Commercial Union and its insured are responsible for the following:
$100,000.00 (St. Paul’s deductible; Huffman’s share is $10,000)
$21,750.51 (remaining loss of $94,158.07 after deductibles, multiplied by 23.1% or $600,-000/$2,600,000, which represents Commercial Union’s pro rata share)
$121,750.51 (total obligation of Commercial Union and Huffman; *181Huffman’s share is $10,-000)
St. Paul is responsible for the following:
$72,407.56 (remaining loss of $94,158.07 after deductibles, multiplied by 76.9% or $2,000,-000/$2,600,000, which represents St. Paul’s pro rata share)
Under this method the insurers only share the loss to the extent that their “other insurance” clauses are mutually repugnant.
C. Prejudgment Interest
The magistrate awarded judgment against Commercial Union only (not Huffman) and added prejudgment interest. We agree that the magistrate properly added prejudgment interest.
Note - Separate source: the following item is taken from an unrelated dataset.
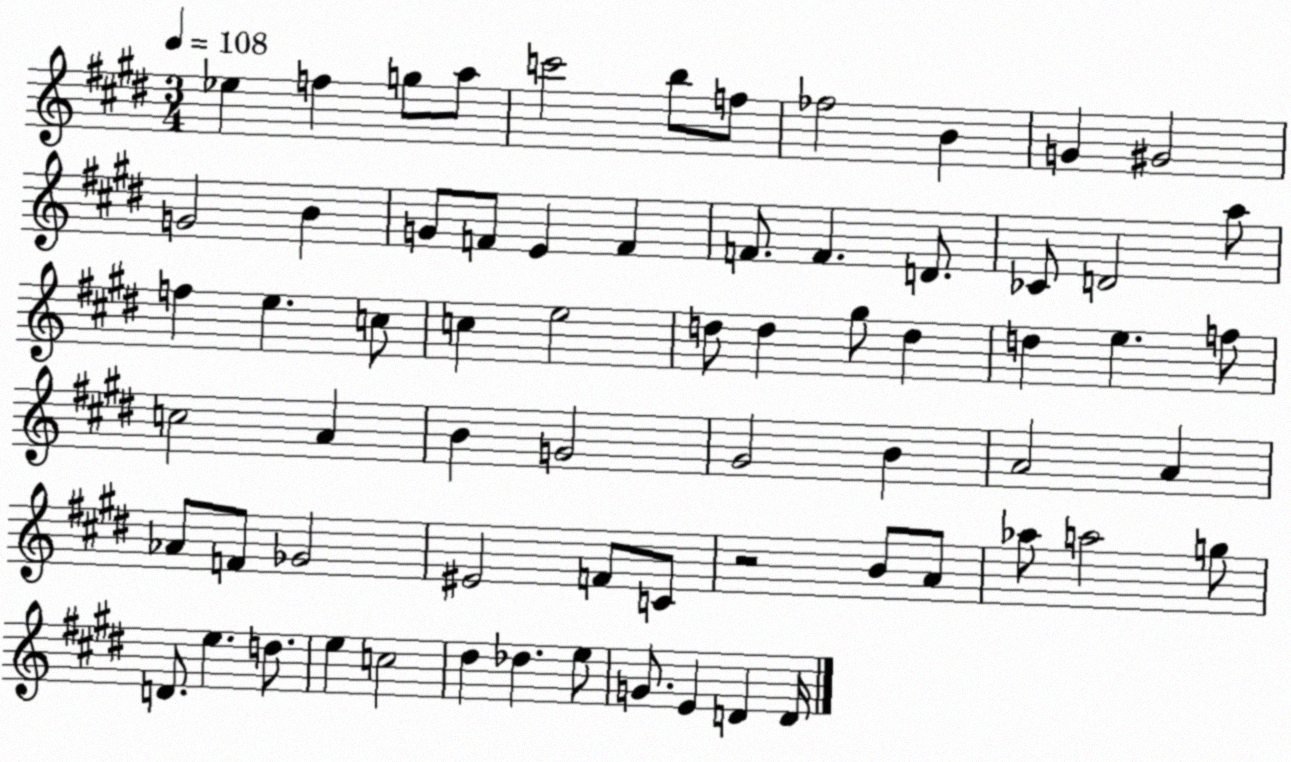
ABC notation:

The general rule of this circuit allows prejudgment interest in admiralty cases at the discretion of the trial court absent exceptional or peculiar circumstances. Federal Barge Lines, Inc. v. Republic Marine Ins., 616 F.2d 372, 373 (8th Cir.1980) (citing United States v. M/V Gopher State, 614 F.2d 1186, 1190 (8th Cir.1980)). Moreover, the trial court’s award of prejudgment interest may be reversed only for abuse of discretion. Id. (citing Lekas & Drivas, Inc. v. Goulandris, 306 F.2d 426, 429 (2d Cir.1962)). This case involves neither exceptional circumstances nor an abuse of discretion.
The prejudgment interest, however, will need to be recalculated on remand. We observe that because the judgment as entered runs only against Commercial Union, it would be inappropriate to calculate prejudgment interest on the $10,000 deductible paid by Huffman.
III. CONCLUSION
We reverse and remand and direct the entry of an appropriate judgment against Commercial Union in the amount of $21,-750.51, which represents liability of $121,-750.51 less $100,000 already paid to Cargill. The magistrate should recalculate prejudgment interest from November 19, 1984, to May 14, 1986, when Cargill received $100,-000 from Commercial Union and Huffman, plus prejudgment interest on the balance still owed to the date of judgment.
Commercial Union may tax fifty percent of its taxable costs and disbursements on this appeal.
. The magistrate relied on the following Ian-guage in Commercial Union’s policy:
*178Where insurance is effected by owner(s), shipper(s), and/or consignee(s), this insurance shall not be considered as concurrent therewith and it is agreed that the insurance hereunder covers only the legal or assumed liability of the Assured as common carriers, towers, insurers, forwarders, bailees, custodians or otherwise for loss of or damage to such cargo.
. The difference between the dissent and the majority is that the dissent focuses primarily on St. Paul’s "other insurance” clause.
. Using this analysis, Commercial Union and Huffman, who already paid $100,000 to Cargill, have overpaid their proportionate share of the loss.
. Judge Edward R. Becker now serves on the Third Circuit.
.Huffman promised Cargill that the cargo would be “fully insured.” Thus, Huffman bears responsibility for Commercial Union's $10,000 deductible. We note, however, that Huffman has already satisfied this obligation.